** TASK STATEMENT **
Omit all pictures and transcribe only the lines in the entries below that run from the line with "Hey guys, it's" through the line with "Moving on to peachy".

** DATA TO USE **
-=-=-
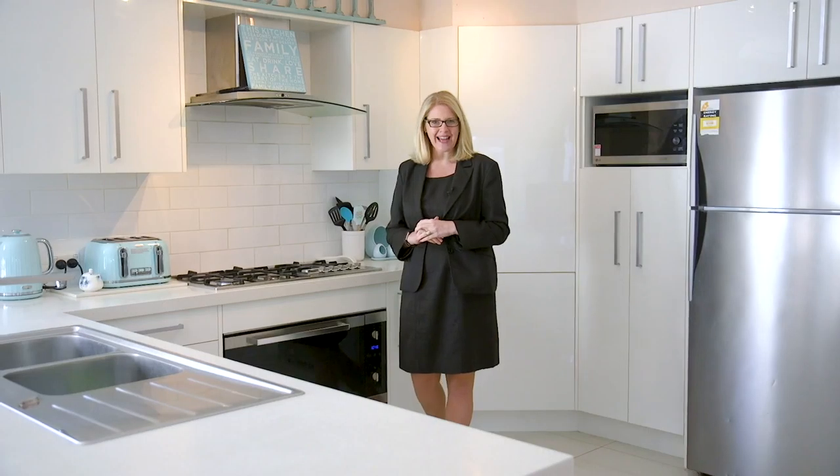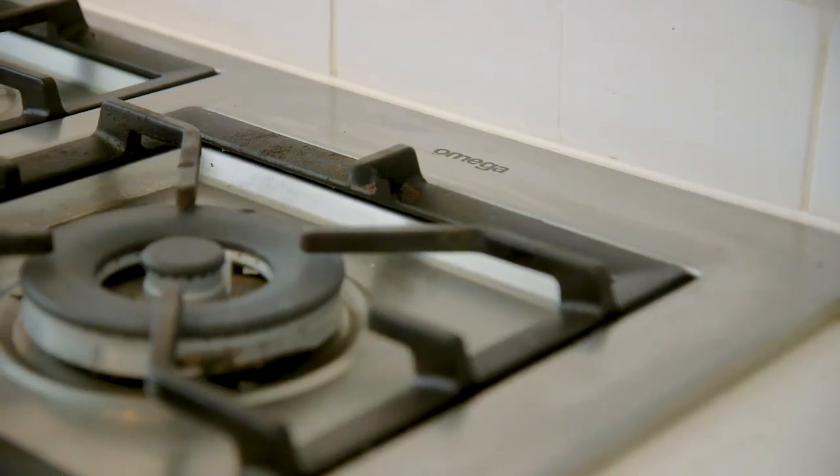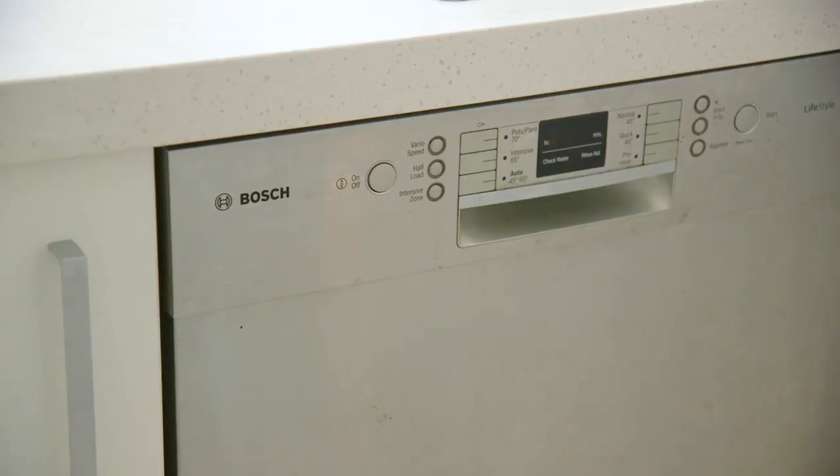If you love cooking and entertaining like me you cannot go past this enormous kitchen. Newly renovated and fitted out with stainless steel appliances, it is located centrally in the heart of the home and great for entertaining for your family and friends.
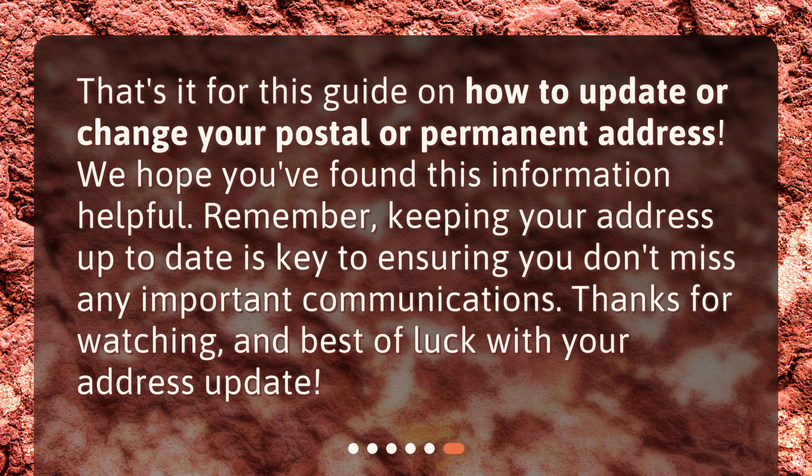That's it for this guide on how to update or change your postal or permanent address. We hope you've found this information helpful. Remember, keeping your address up to date is key to ensuring you don't miss any important communications. Thanks for watching, and best of luck with your address update.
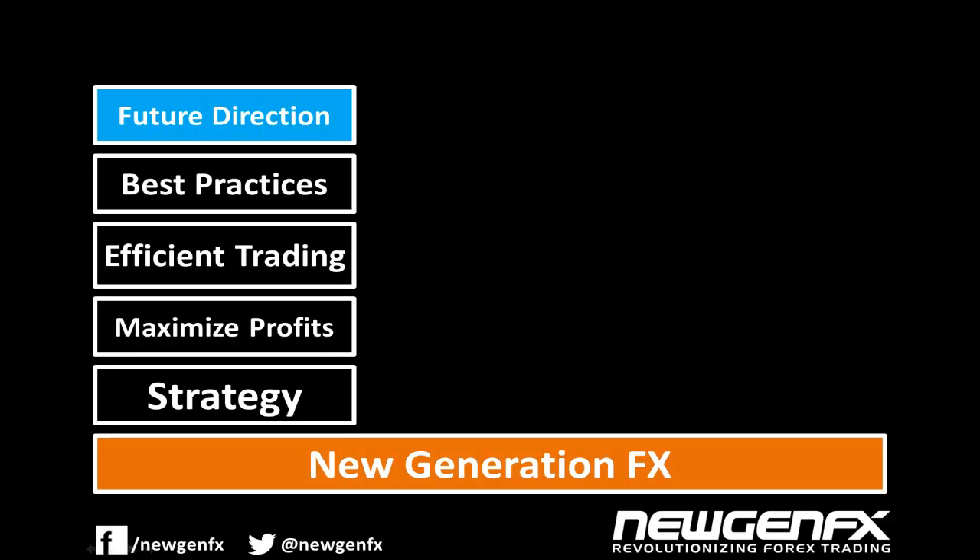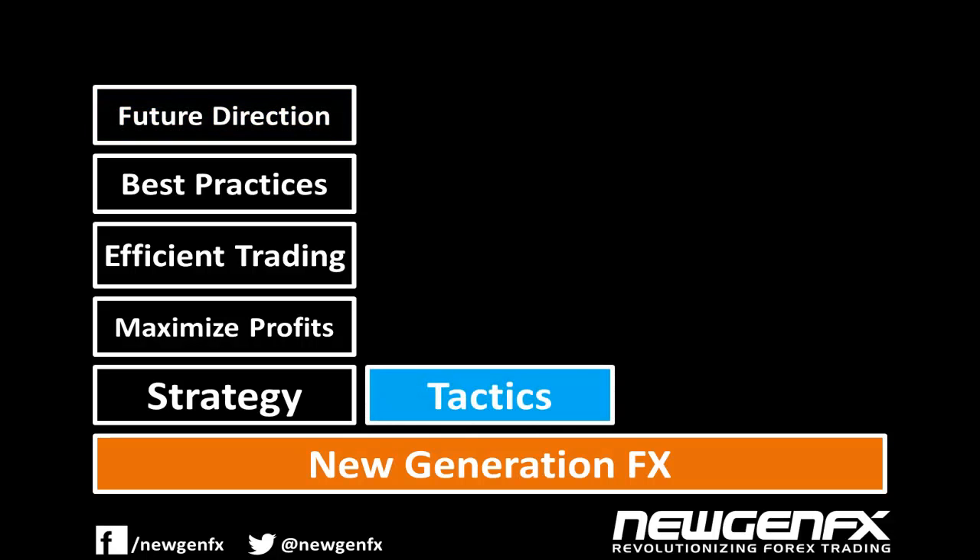Once the strategy is in place, we've developed tactics to execute the strategy. This required many new aspects of trading to be introduced and many to be changed. The tactics are as follows.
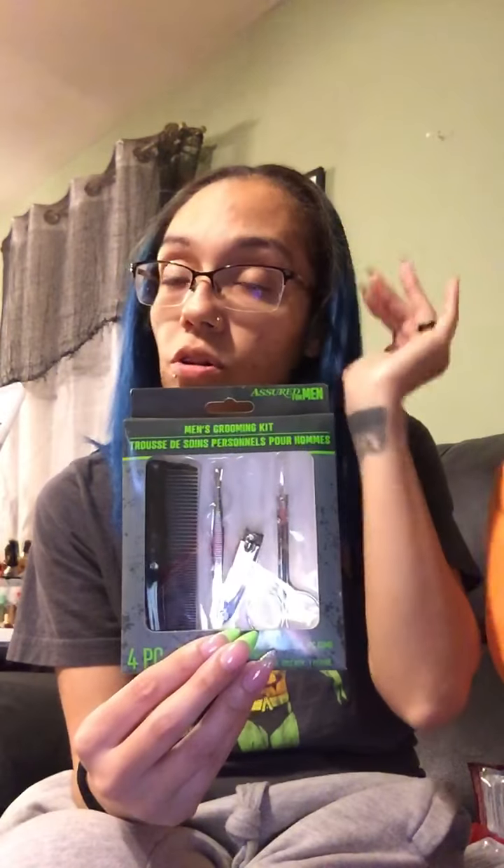They had these men's grooming kits from Assured for Men. One brings a nail clipper, a tweezer, a little comb, and a little eyebrow scissor — to cut the extra-long ones. I grabbed this — it's a four-piece kit. I just felt like grabbing it because you never know when you need to pair your clippers, you never know when you need something, so I grabbed two of those.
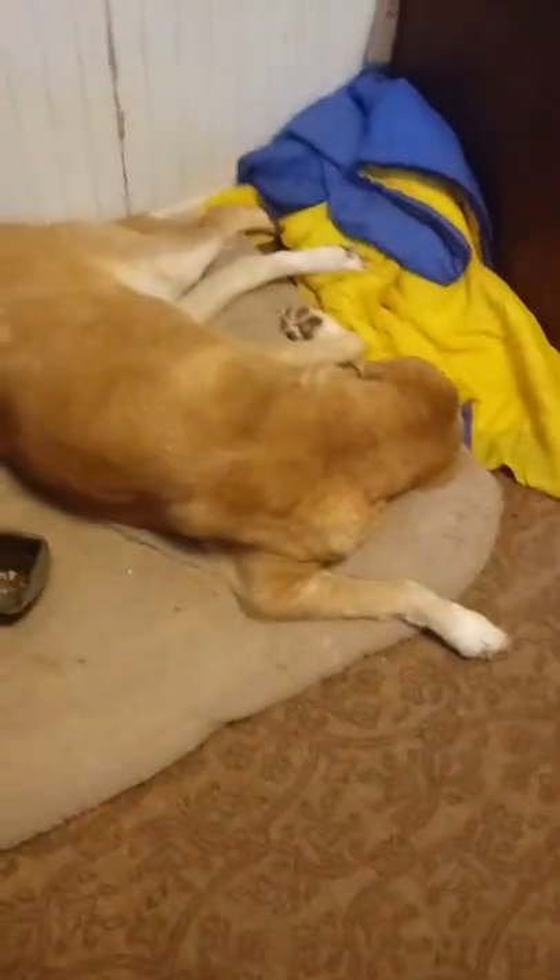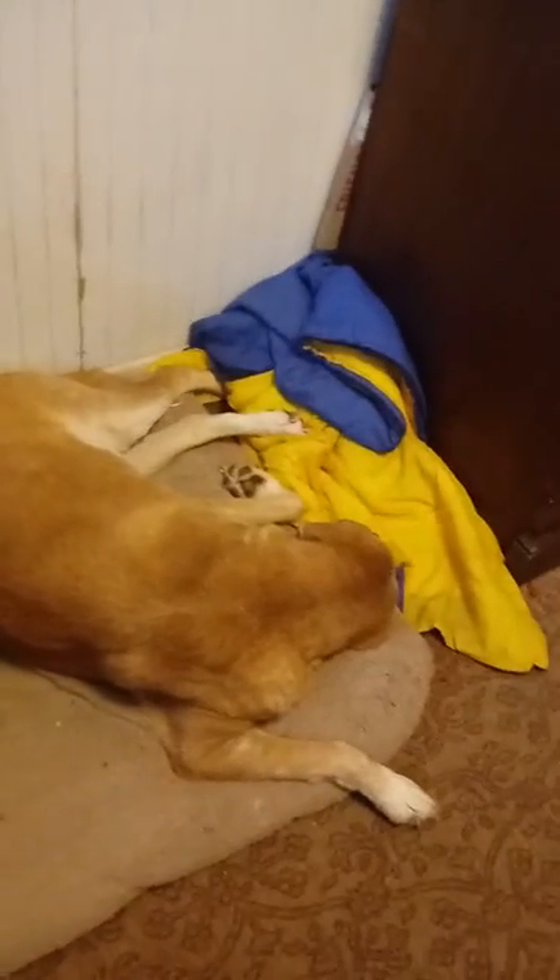Hey guys, it's Corscausing and today I'm going to be showing you the big dogs, because in my other videos with my dogs I haven't really properly introduced them. So let's do this.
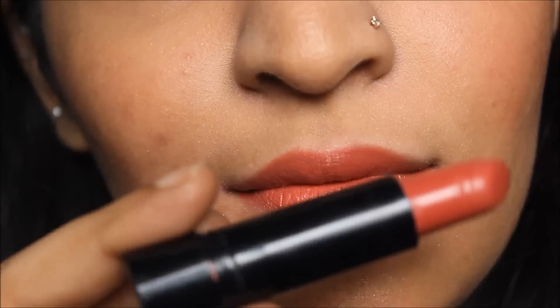Moving on to peachy shades, which are also a little neutral but on the peachier side. My first favorite is Dreamy Berry by Streetwear — it is also a neutral, but as you can see there's a definite peachy hint. It's more suitable for medium to dark skin tones.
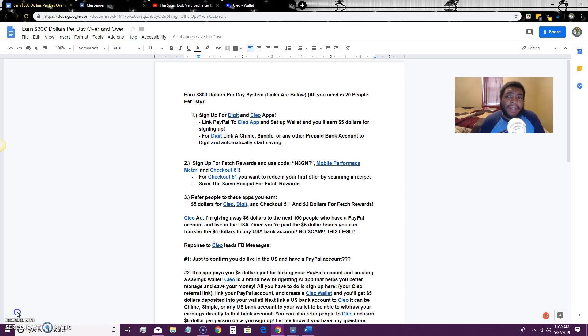Hey guys, my name is Geoffrey Ward and today I'm going to teach you exactly how to make $300 per day online. This is really simple and doesn't take a lot of time. If you're new to my channel, subscribe and hit that bell notification so you'll be notified when I drop new videos dealing with making money online, free PayPal money, and things like that.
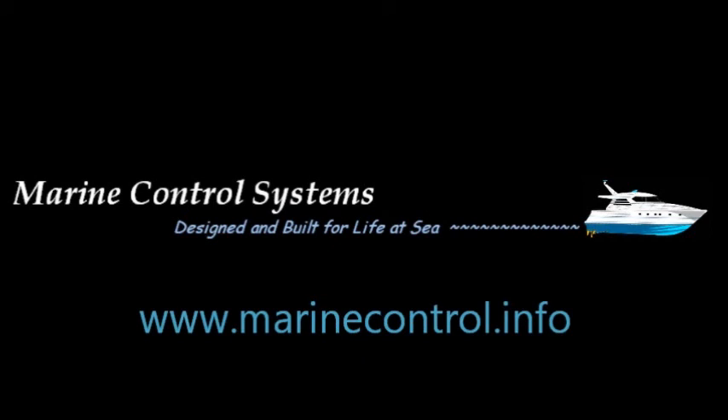In North America, Smart Switch Technology products are distributed through Marine Control Systems. You may contact us at the website www.marinecontrol.info.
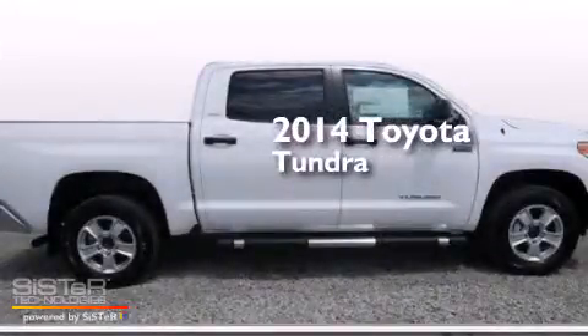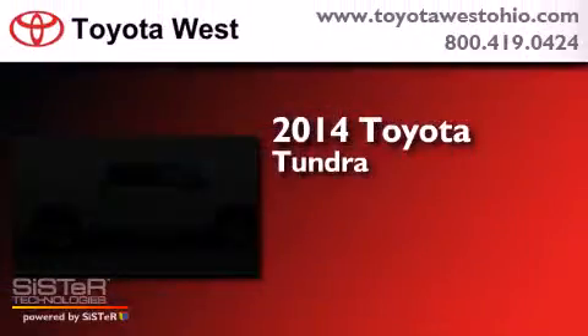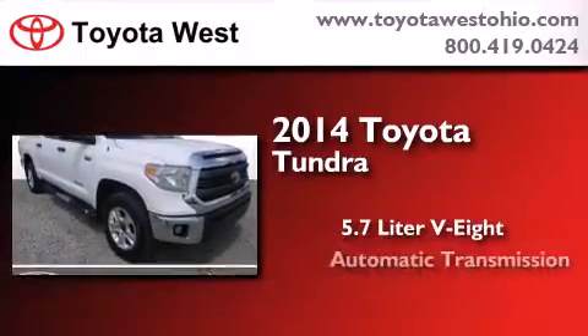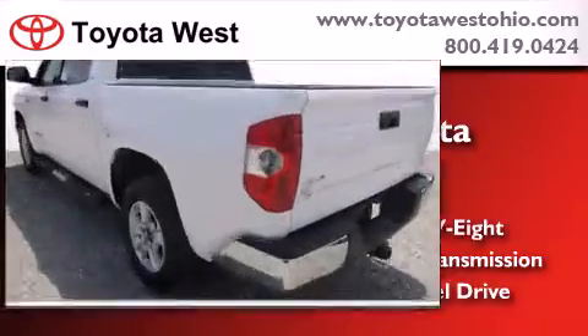This is a brand new 2014 Toyota Tundra. It has a 5.7 liter 8-cylinder engine, an automatic transmission, and the added capability of 4-wheel drive.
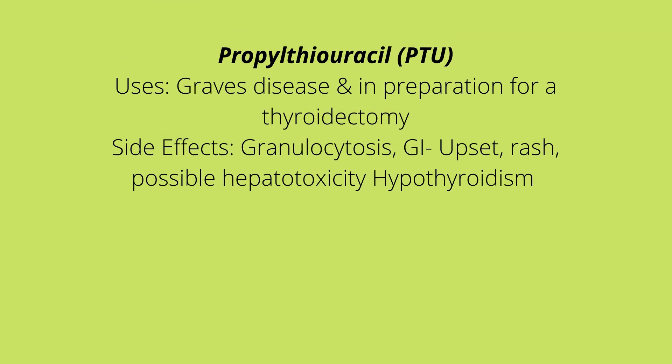PTU is used for Graves' disease. It is also used in preparation for a thyroidectomy, which is the removal of the thyroid gland. It is given to the patient because once the thyroid gland is removed there will be low production of thyroid hormones.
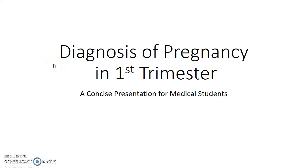Hello, this is Indian MediCorp. In this video we are going to see about the diagnosis of pregnancy in the first trimester. This video mainly deals with the signs and symptoms of pregnancy in the first 12 weeks. This is a concise presentation for medical students.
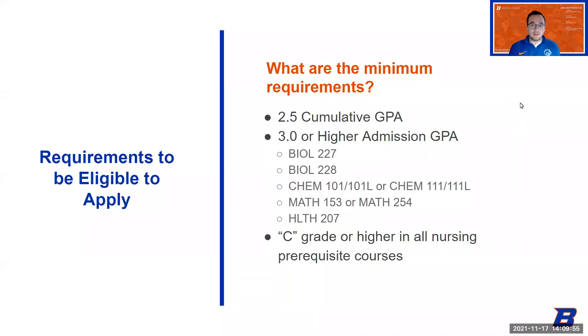The minimum requirements are not changing. The admission GPA needs to be 3.0 or higher. You must also have a cumulative GPA of 2.5 or above — that comprises all college courses you've ever taken. Lastly, you must earn a C grade or higher in all nursing prerequisite courses. A C-minus does not cut it. So to summarize: 2.5 cumulative GPA, 3.0 or higher admission GPA covering Anatomy and Physiology I and II, chemistry, statistics, and nutrition, plus a C or above in all prerequisite courses.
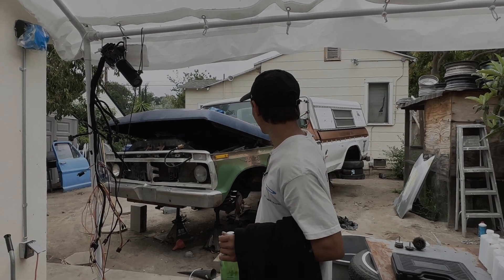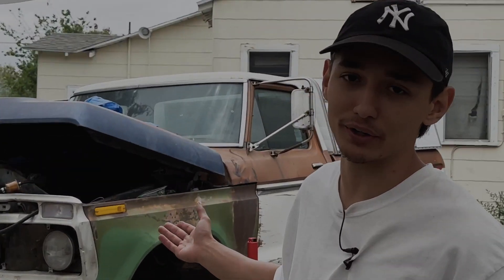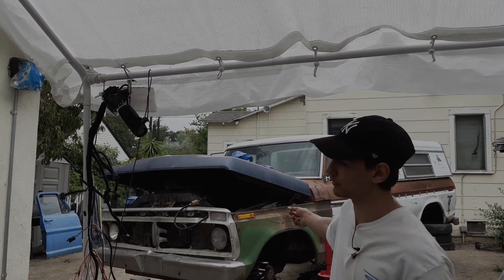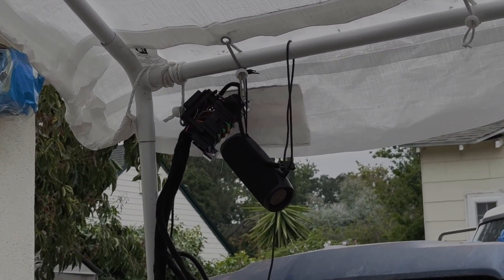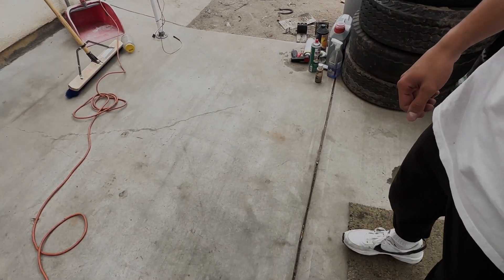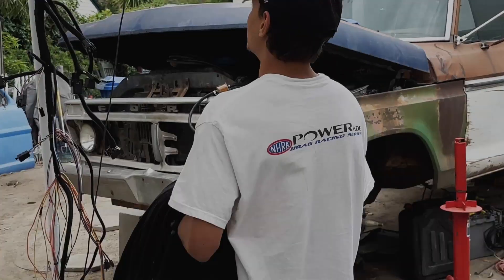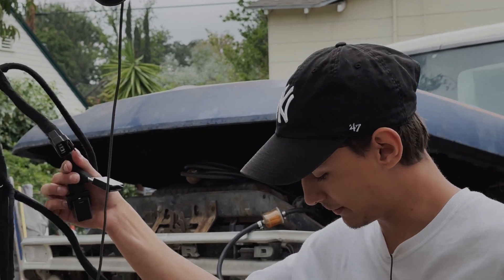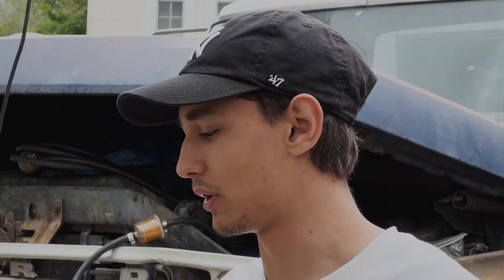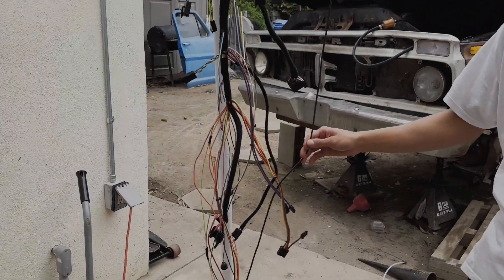Moving on to the next project over here — this is my personal project that I'm probably never gonna get around to. Actually, all three of these are ones I'm probably never gonna get around to, but they look really aesthetic and make it look like I've always got something going on. Hopefully one day I can get to the brakes. It's a '74 F350, and hopefully we get to that one soon. Over here we've got a homemade coat rack — basically just threw it together and made it work.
-=-=-
** WRITTEN SOLUTION **
Hey guys, it's Corscausing and today I'm going to be showing you the big dogs, because in my other videos with my dogs I haven't really properly introduced them. So let's do this.
Moving on to peachy shades, which are also a little neutral but on the peachier side. My first favorite is Dreamy Berry by Streetwear — it is also a neutral, but as you can see there's a definite peachy hint. It's more suitable for medium to dark skin tones.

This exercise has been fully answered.